I am currently sitting in my new bean bag chair. I have wanted one for a long time but have never been able to find a store that sells them...
I like how I started a new paragraph to be ridiculously dramatic.
I just took off my hoodie and accidentally punched my LCD monitor.
I did not apologize to it like I have apologized to inanimate objects in the past. I apologized to them by mistake. I have been conditioned to apologize.
I like my new bean bag chair, although I wish it was larger so my legs were not resting on my mattress.
The store where I bought the bean bag chair had it in a kind of prison. It was like one of this big things where toy stores keep balls. It was difficult to get the bean bag chair out of the big thing. I had to sort of throw it over the big thing. I helped it escape. It headed into the direction of an old man. I felt a little worried.
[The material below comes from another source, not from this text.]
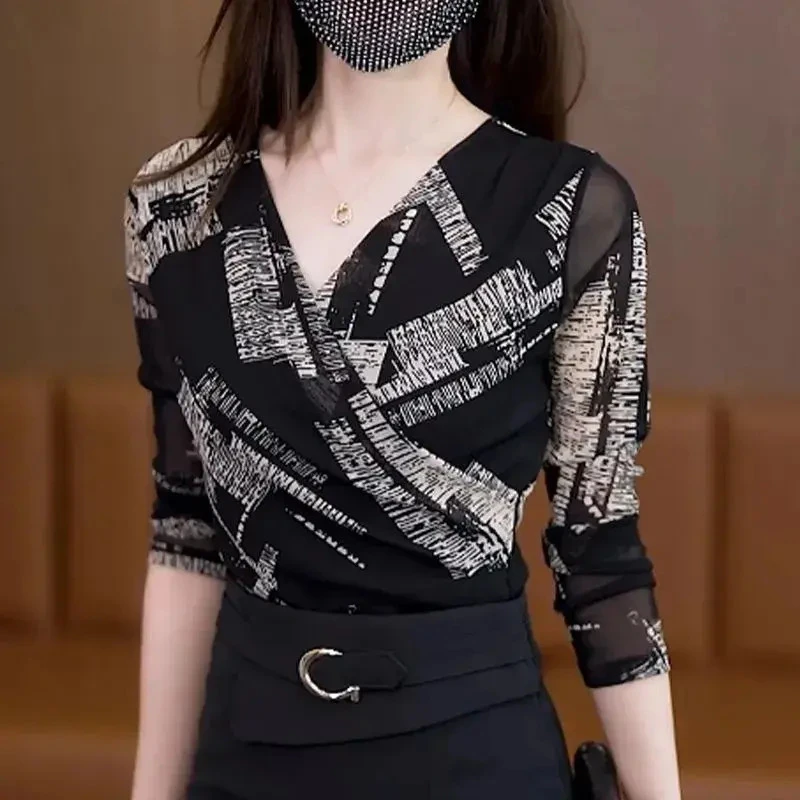 2025秋冬V领印花网纱上衣修身长袖显瘦打底衫女时尚百搭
The old man caught it. The old man gave it to me.
One day I'll actually get this blog post started, but first:
Is there anything awesomer than taking a piss while a cat is sitting on the lid of the toilet tank?
I've gained like fifteen pounds since I started working at my gas station. I need a new job where I'm not surrounded by junk food.
I have decided against the idea of having a crime/noir theme for the next issue of Bust Down the Door and Eat All the Chickens.
Some guy says there is a one in five million chance that the world will end tomorrow.
Tonight, I will start a new story.
Fuck it. I am going to let this post die before it was born. Sorry, Mike Young.